Ceramic-on-Metal Bearing in Total Hip Arthroplasty—Was It So Bad? A Narrative Review and a Critical Analysis of the Literature

Michela Saracco, Vincenzo Ciriello, Antonio Spinarelli, Giuseppe Solarino, Remo Goderecci, Giandomenico Logroscino
  • Engineering (miscellaneous)
  • Ceramics and Composites

Hip replacement has significantly improved the quality of life of patients with symptomatic hip osteoarthritis. Various bearings have been developed over the years. Each of these has advantages and disadvantages.

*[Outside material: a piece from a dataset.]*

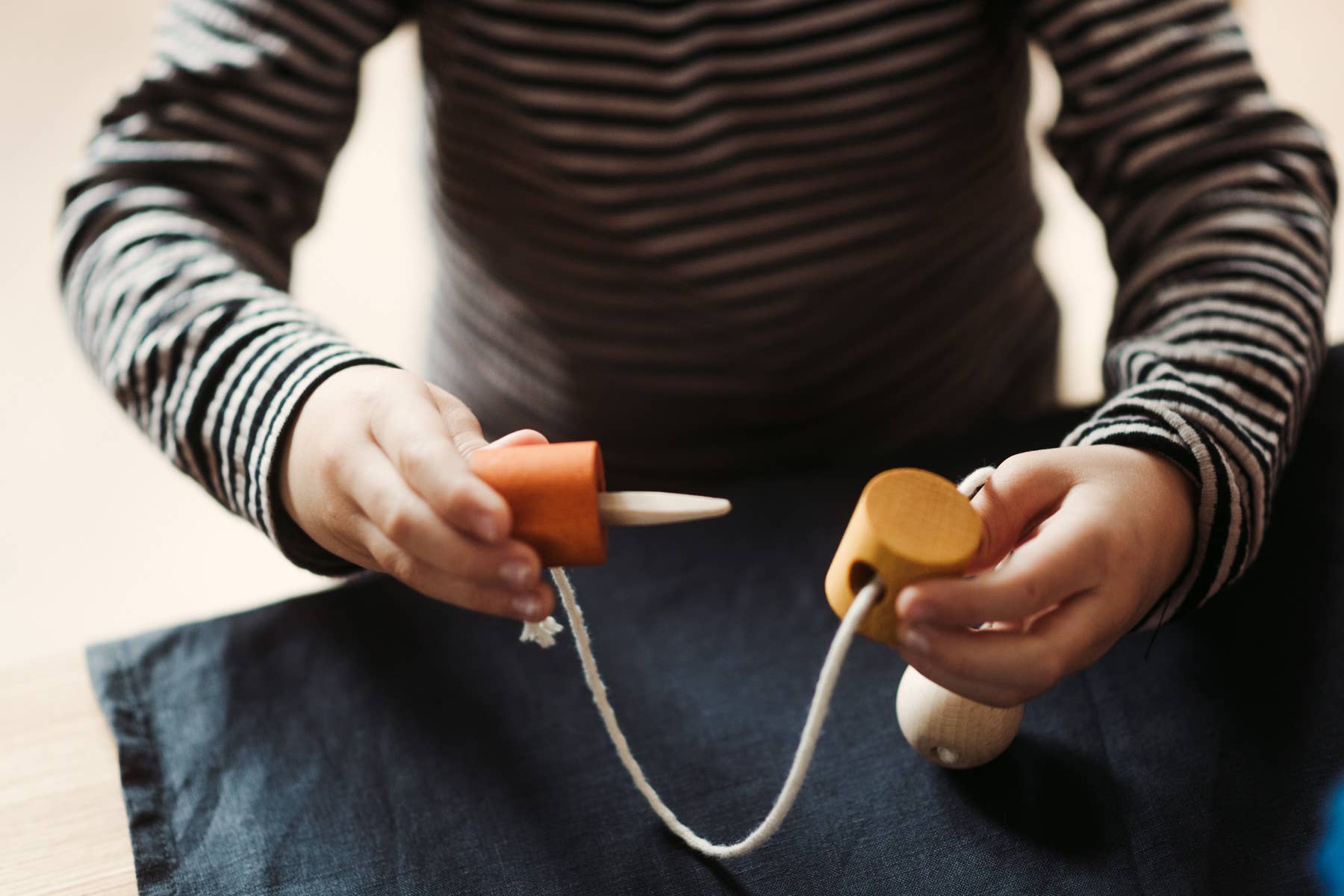 Wooden Story Sp. z o.o. - Wholesale Wood Toy - Kids - Wooden needle - for threading blocks12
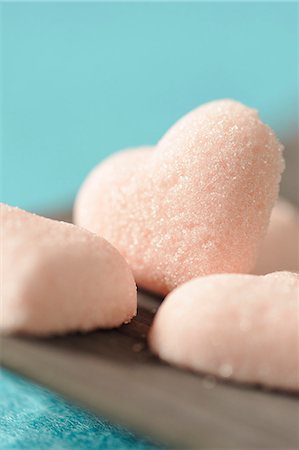 simsearch:652-03803428,k - Heart-shaped pink sugar lumps Foto de stock - Sin royalties Premium, Código: 652-06819084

On the one hand, Metal-on-Metal (MoM) has been associated with a high level of wear and metal ion release of chromium (Cr) and cobalt (Co). On the other hand, Ceramic-on-Ceramic (CoC) bearings, known to have a wear rate close to zero, have been associated with an increased risk of squeaking and component fracture. Ceramic-on-Metal (CoM), a hybrid hard-on-hard bearing, was proposed to overcome the CoC and MoM limits. Preliminary clinical and radiographical results have been described as favourable. Due to the failure of MoM and the increased risk of ion release and metal toxicity, CoM was withdrawn from the market without causing significant clinical complications. Data from the literature showed that CoM bearings are reliable and safe at medium- and long-term follow-up, if correctly implanted. In this narrative review, we analysed the real risks and benefits associated with the implantation of CoM bearings.